More than a century ago, when the Police Gazette was the Sports Illustrated of its time, that title belonged to Mrs. Hattie Leslie, the first publicly recognized women's boxing champion, whose reign and life ended at age 23 in a Milwaukee hotel room.
Hattie won her championship in a match against Alice Leary on Sept. 16, 1888. The bout was held covertly in a barn near Buffalo, N.Y., Leslie's hometown, for the American women's title and a purse of $250.
What the New York Times decried as a "disgraceful prize fight" lasted seven rounds, or about one-half hour. The almost 5-foot-8, 175-pound Leslie had 20 pounds on Leary, and battered her until the latter's corner threw in the towel to end it.

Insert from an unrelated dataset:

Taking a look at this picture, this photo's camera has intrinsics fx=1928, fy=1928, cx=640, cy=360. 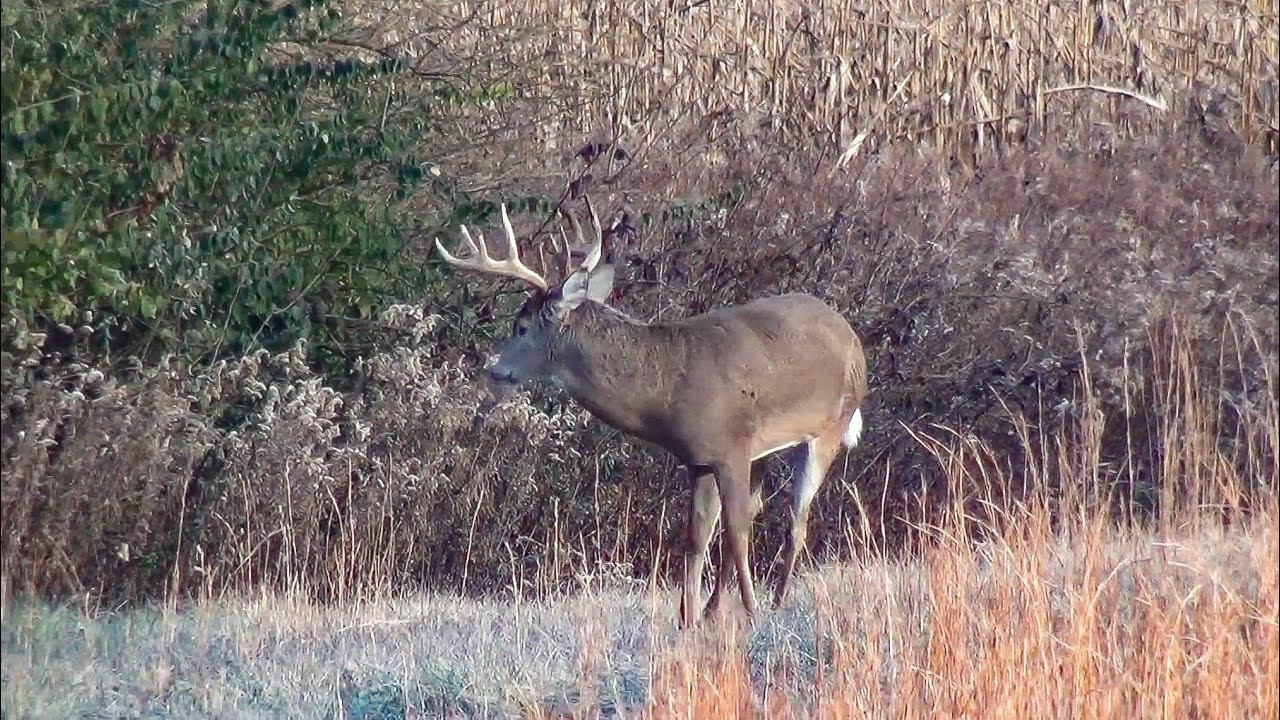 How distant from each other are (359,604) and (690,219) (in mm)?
3176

Instead of boxing gloves they wore flannel driving gloves, the cords of which had been removed "to avoid cutting the pretty faces of the fighters," according to the Boston Herald. It was a nice try.
"Both women presented a disgusting picture" after the fight, reported the Times.
The new women's champion was arrested a week later for violating the anti-prize fight law, but was released and instead her chief male second, well-known boxer George LaBlanche, served six months in the workhouse for his participation in the fight.
Over the next four years, Mrs. Leslie -- admiringly described in the Gazette as "the "famous Amazon who has made quite a name and gained considerable reputation as a boxer" and "a tall, powerful specimen of humanity" -- had a standing challenge out to defend her title against all comers. But since female boxers were only slightly more plentiful at the time than one-legged clog dancers, Hattie spent most of her time demonstrating her ring skills on the vaudeville circuit instead of in real fights.
On Sept. 18, 1982, she opened what was supposed to be a a weeklong engagement at People's Theater on W. Water St. (now N. Plankinton Ave.). On the bill with her was the Nibble French Burlesque Company, whose bombastic routine of "playing on musical glasses with two fiddle bows" was pretty tame stuff next to Hattie's sparring sessions with her husband, John.
She "kept him spinning around the stage in lively style," reported the Milwaukee Sentinel after their first performance.
But in the middle of the week Leslie, not feeling well, took to her bed in their room at the Exchange Hotel on N. 1st and W. Michigan Sts. Instead of getting a doctor, John Leslie sat up with his wife for two nights before he finally keeled over himself. When he woke up on the morning of Sept. 25, Hattie was dead, put down for the count by typhoid fever.
A whole century would go by before women's boxing got a real foothold. Today some troglodytic boxing fans (including, frankly, me) still cringe watching the girls sling leather. Good thing Hattie Leslie isn't around to put us in our place.